Data Acquisition, Analysis and Statistics
Signals were acquired using a System 3 workstation (Tucker Davis Technologies) and analyzed with custom routines written in MATLAB (Hoy and Niell, 2015; Niell and Stryker, 2010; Piscopo et al., 2013). For single-unit activity, the extracellular signal was filtered from 0.7 to 7 kHz and sampled at 25 kHz. Single-unit clustering and spike waveform analysis was performed as described previously (Niell and Stryker, 2008) with a combination of custom software in MATLAB and Klusta-Kwik (Harris et al., 2000). Typical recordings yielded ∼6-10 single units. Most units appeared predominantly on a single recording site, although units often contributed a signal below the voltage threshold on neighboring sites, which allowed improved unit discrimination.

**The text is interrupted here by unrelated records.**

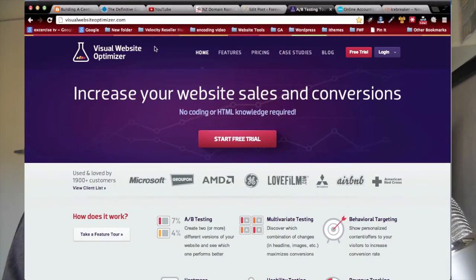The first one is called Visual Website Optimizer. On this home page, the very first headline reads: 'Increase your website sales and conversions.' Straight away you know exactly what you're going to get out of it. The sub-headline says 'No coding or HTML knowledge required' — that's a really compelling benefit supporting the heading. And the main action they want you to take is clicking the big red button that says 'Start Free Trial.' The coloring makes it stand out from everything else.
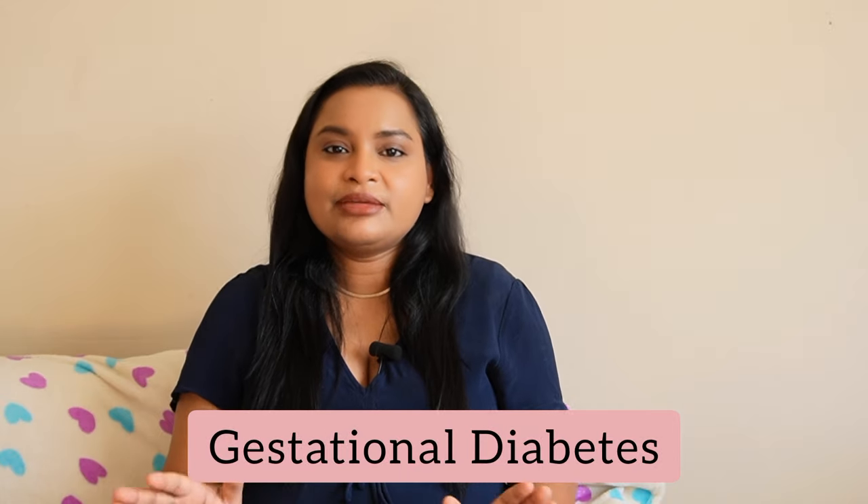Hi, welcome to my channel. I am Shubha. I am currently 38 weeks pregnant and during the 26th week of my pregnancy, I was diagnosed with gestational diabetes.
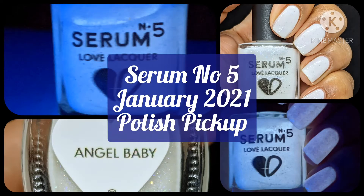Hi friends, welcome back to my channel. Welcome if you're new. Today we're doing the Serum No. 5 January 2021 Polish Pickup Live Swatch.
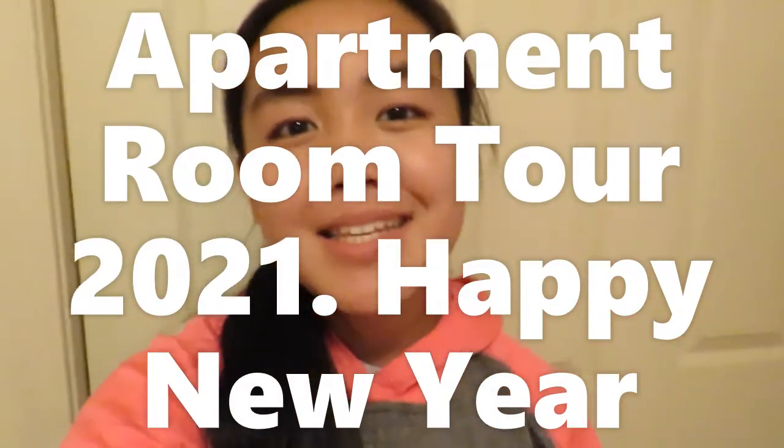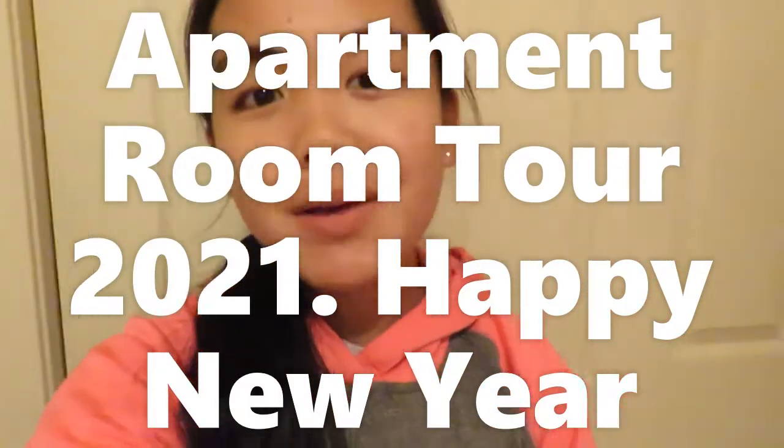Hi everyone, it is Elizabeth. Welcome back to my YouTube channel, or welcome for those of you who are new. My name is Elizabeth, nice to meet you guys. Today is actually a very exciting video — you guys saw the title. I'm going to be showing you guys my apartment room tour.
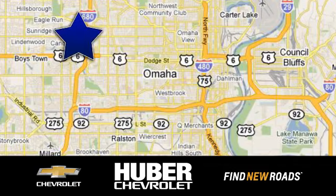Huber Chevrolet Cadillac. We're located on West Dodge Road in Omaha, Nebraska, on the northeast corner of 114th and East Dodge under the expressway.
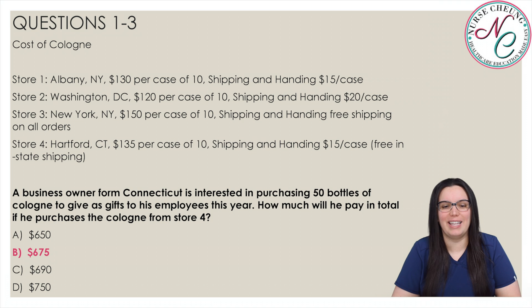The correct answer is B, $675. Since the man is purchasing the cologne from the store in his home state, Connecticut, he does not have to pay any shipping charges. An order of five boxes of 10 bottles of cologne will be 135 times 5, which comes out to a total of $675, making the correct answer B.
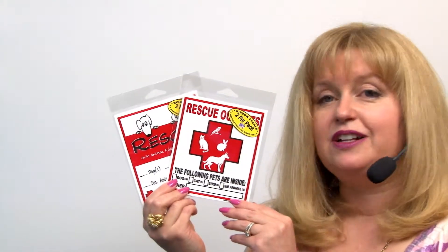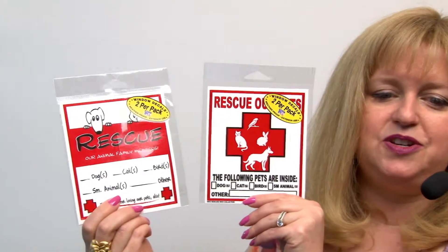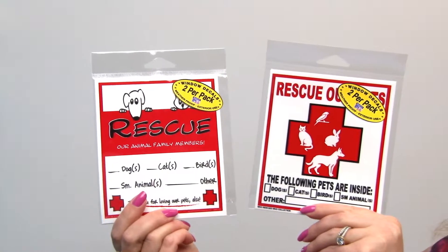Hello friends, it's Mary at BaxterBoo.com and today we're taking a closer look at our Rescue Our Pets emergency decals. We have a couple of styles that you can choose from and basically there's two per pack and you put one at your front door, one at your back door.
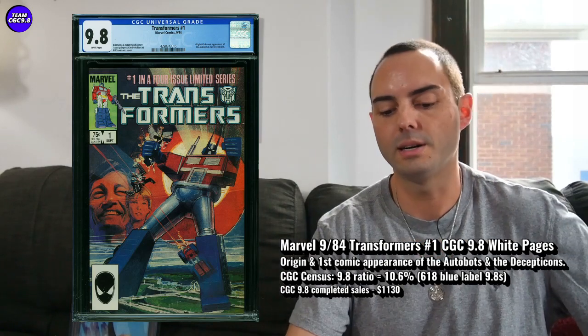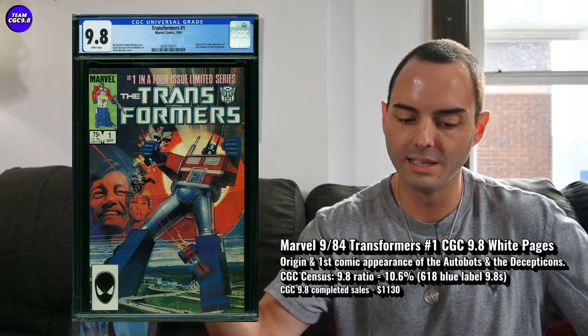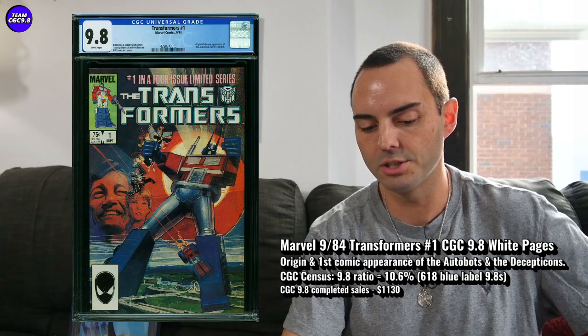It is a great 9.8. You get a huge first appearance. There are 618 9.8s in a blue label, which for a huge first appearance, that's not very much. When compared to G.I. Joe, there's less of the Transformers number one. It's a better 9.8, the Transformers number one — that's why it's done better in pricing over time than G.I. Joe number one. And 10.6% is the 9.8 ratio, so just a solid ratio on this one.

For all datasets, we inspected for the presence of outliers or skews in order to determine whether to use parametric or nonparametric approaches for tests of statistical significance. For distributions that appeared bimodal, such as approach start distances, we fit distributions using MATLAB’s Statistic and Machine Learning Toolbox function as a mixture of two normals. This fitting yielded parameter estimates, means and standard deviations, for each mode. This allowed us to compute Ashman’s D, and D>2 was taken as evidence of bimodality and clear separation of modes. To determine the threshold for categorizing an event as belonging to one mode or the other, we determined if it was less than the first peak +1 SD (part of the first mode) or greater than the second peak −1 SD (part of the second mode). In the case of the approach starts distribution, the mean estimate of the first peak was 9.6 with a SD of 1.5 cm, while the mean estimate of the second peak was 31.8 with an SD of 9.4cm. Distant approaches were therefore defined as starting from greater than 22.4 cm from target. To compare means of unimodal, normal distributions, we used one-way (genotype) ANOVA followed by Tukey-Kramer HSD post hoc testing. To detect significant differences between medians, we used Kruskal-Wallis omnibus testing, followed by pairwise Mann-Whitney U tests. In some cases, we employed the Wilcoxon signed rank test to determine whether measurements significantly deviated from 0 in each tested group. Alpha in all cases was set to 0.05 and significance was inferred if p values were less than 0.05, indicated by asterisks in figure legends. Standard Error of the Median (SEM) was obtained via a bootstrapping procedure (data sampled 1000x). For all experiments we report number of trials or cells (n) as well as the total number of independent animals in each experiment in the figure legends. Unless otherwise noted, we control for nested effects by computing statistical analysis on average measures from each animal. In all cases, we also minimized nested effects by obtaining similar number of cells or trials from each animal. We typically obtained 2-4 cells or behavioral trials from each animal. Differences in frequency of categorical observations between groups were determined via X2.
Acknowledgments
We are indebted to Drs. Martha Bickford, Samuel G. Solomon, Clifford Keller and Judith Eisen, and members of the Niell and Hoy labs, for helpful discussions and comments on drafts of the manuscript. We also thank Mandi Severson for extensive work obtaining and imaging histological data, and Dr. Tristan Ursell for Matlab code that facilitated color-based tracking of mouse and cricket. This work was supported by NIH grants F32EY24179 (JLH) and R01EY023337 (CMN).